**** DATA TO PROCESS

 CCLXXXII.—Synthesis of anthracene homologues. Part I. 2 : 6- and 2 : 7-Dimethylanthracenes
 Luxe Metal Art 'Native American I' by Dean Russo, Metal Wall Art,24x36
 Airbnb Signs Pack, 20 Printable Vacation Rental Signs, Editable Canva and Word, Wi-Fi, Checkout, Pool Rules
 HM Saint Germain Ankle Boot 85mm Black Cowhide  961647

********
**** DATA TO PROCESS

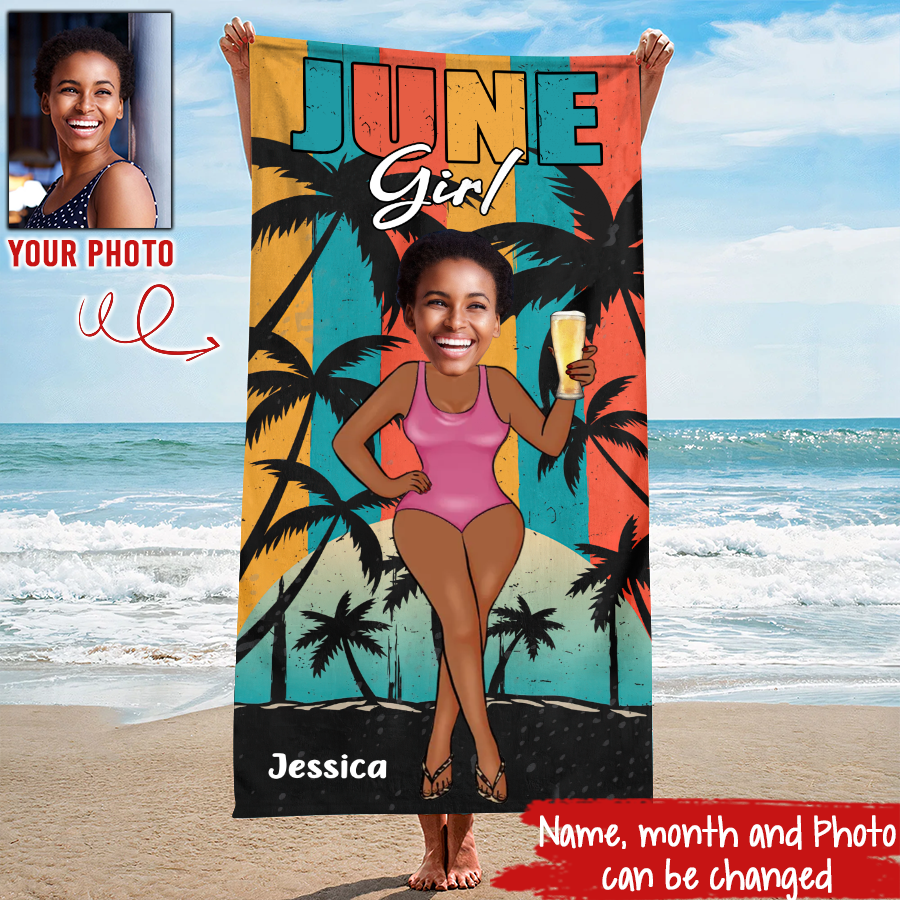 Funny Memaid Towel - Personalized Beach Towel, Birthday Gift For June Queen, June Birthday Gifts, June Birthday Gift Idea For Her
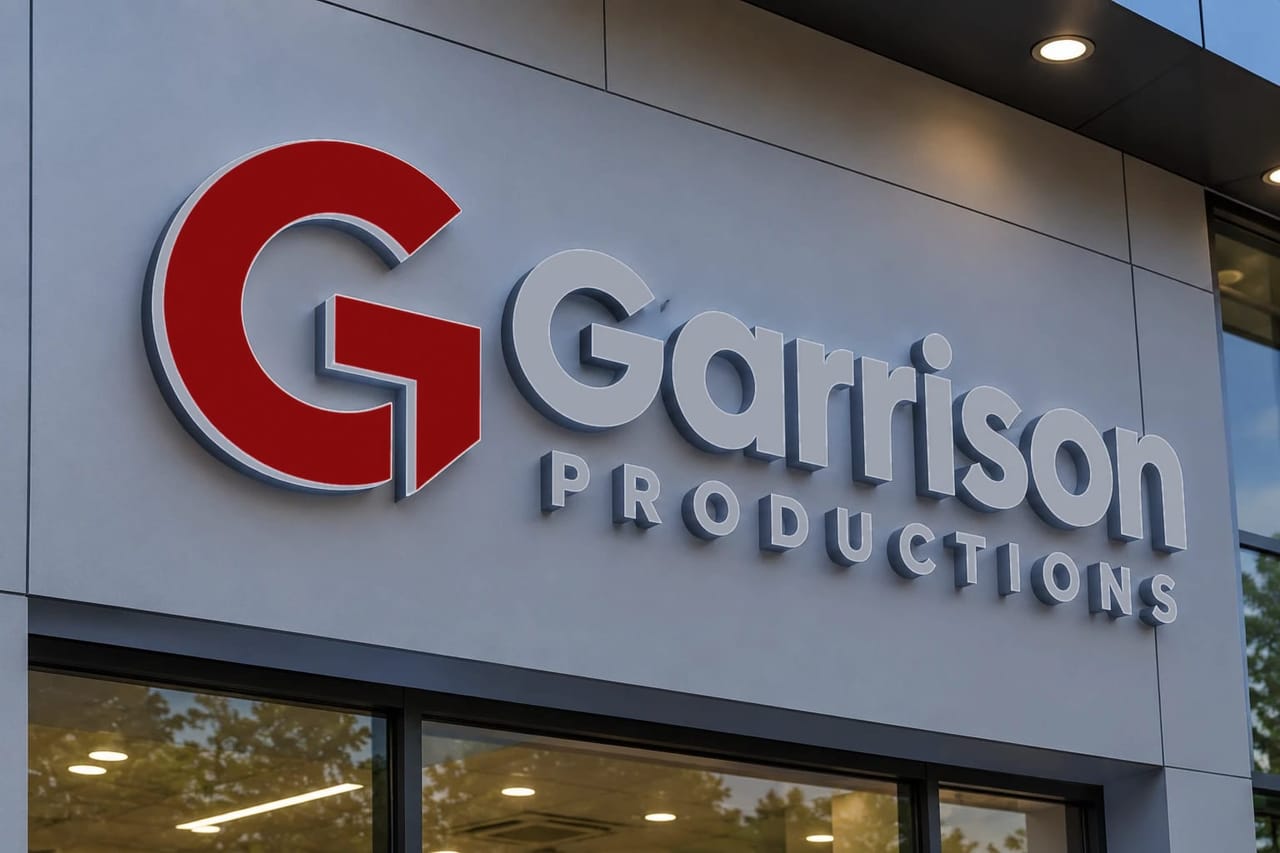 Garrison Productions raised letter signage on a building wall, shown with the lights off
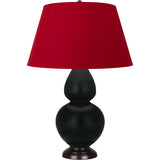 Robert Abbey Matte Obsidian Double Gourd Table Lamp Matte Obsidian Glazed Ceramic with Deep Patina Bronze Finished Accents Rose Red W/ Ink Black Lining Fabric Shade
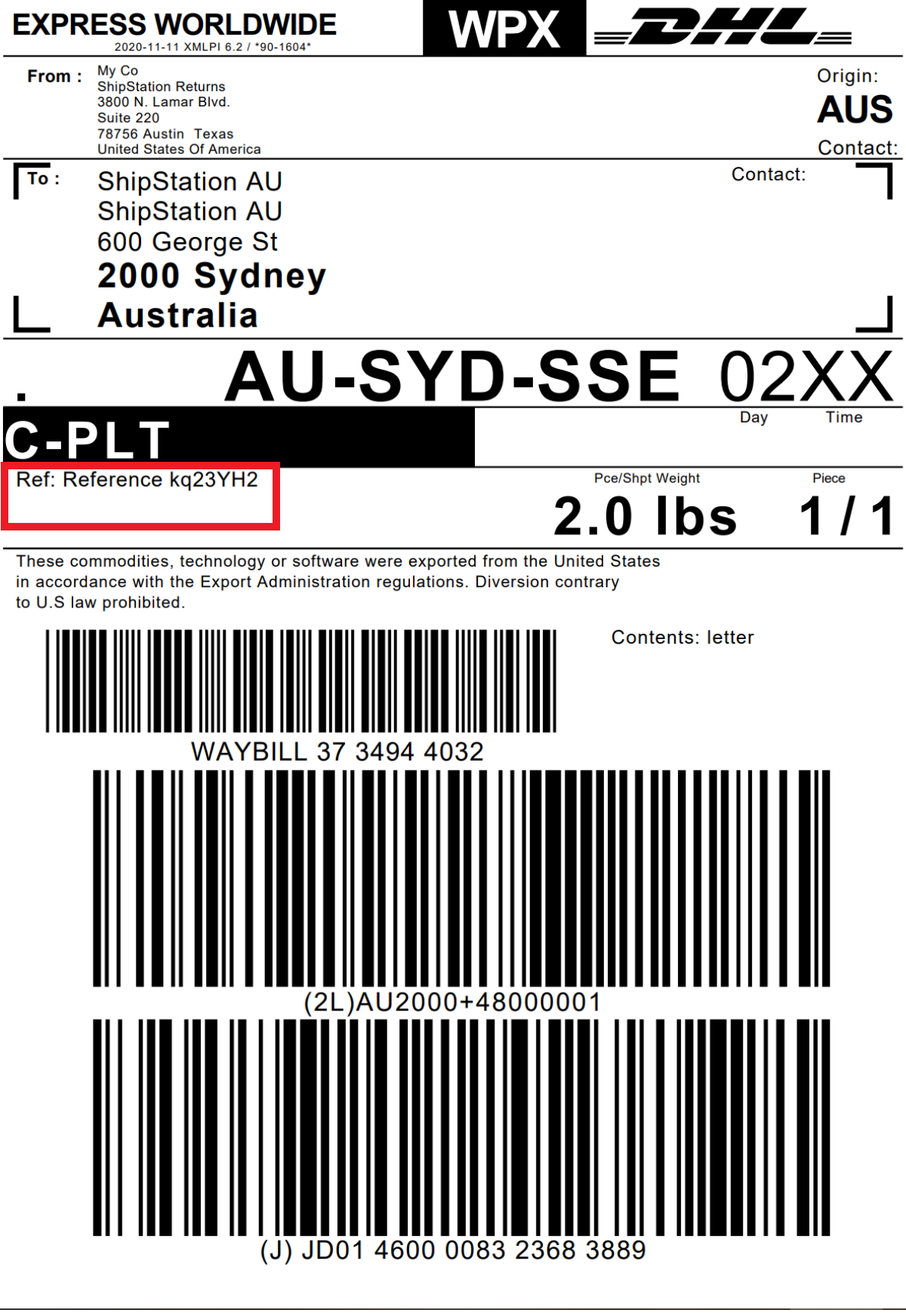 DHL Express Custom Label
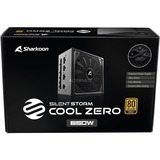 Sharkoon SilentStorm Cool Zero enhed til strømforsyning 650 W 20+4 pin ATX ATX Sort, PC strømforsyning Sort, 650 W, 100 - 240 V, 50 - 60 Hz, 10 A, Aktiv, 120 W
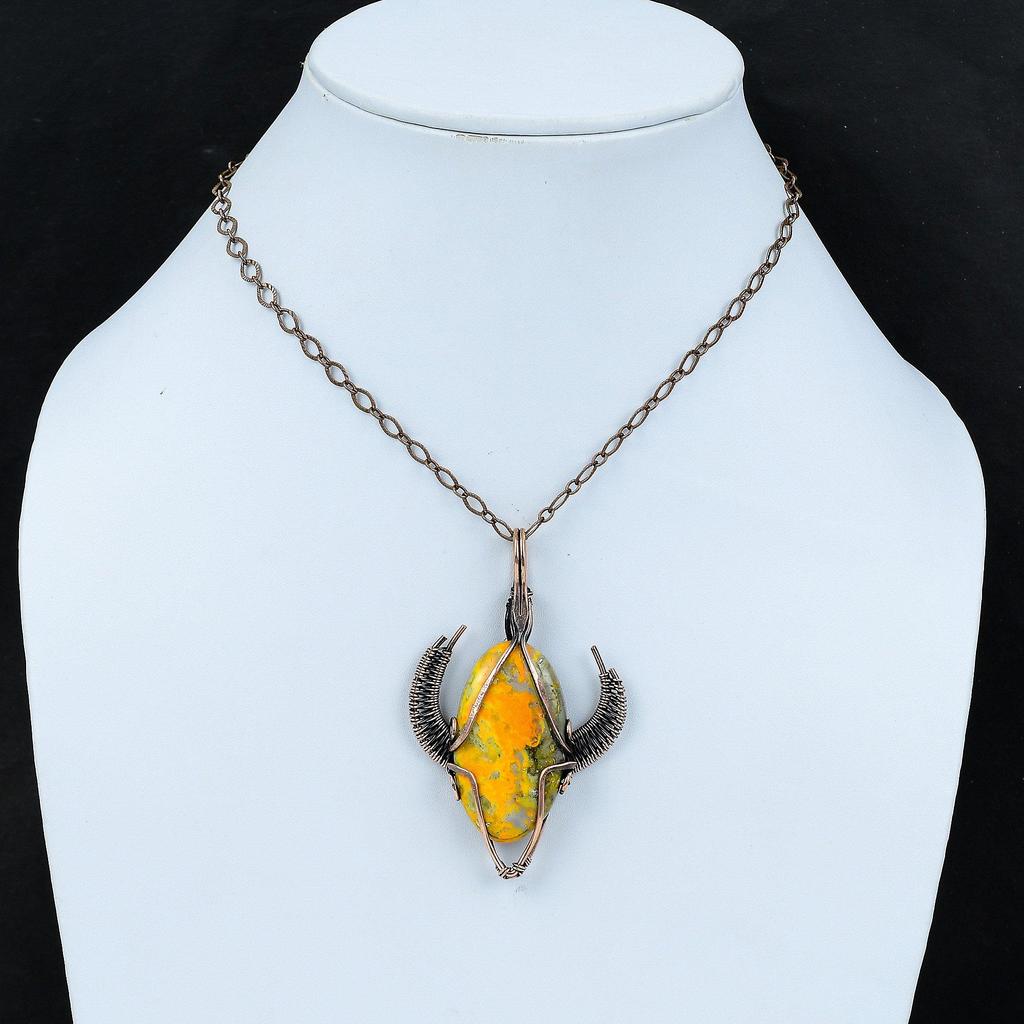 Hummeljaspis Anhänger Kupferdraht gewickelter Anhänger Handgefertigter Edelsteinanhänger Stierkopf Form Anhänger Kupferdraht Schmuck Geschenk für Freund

********

TASK DIRECTIONS ▸ After locating the line with "Luxe Metal Art" above, return that line and every later line through the one with "HM Saint Germain", word for word and with nothing else.

RESPONSE TO THE TASK ▸
 Luxe Metal Art 'Native American I' by Dean Russo, Metal Wall Art,24x36
 Airbnb Signs Pack, 20 Printable Vacation Rental Signs, Editable Canva and Word, Wi-Fi, Checkout, Pool Rules
 HM Saint Germain Ankle Boot 85mm Black Cowhide  961647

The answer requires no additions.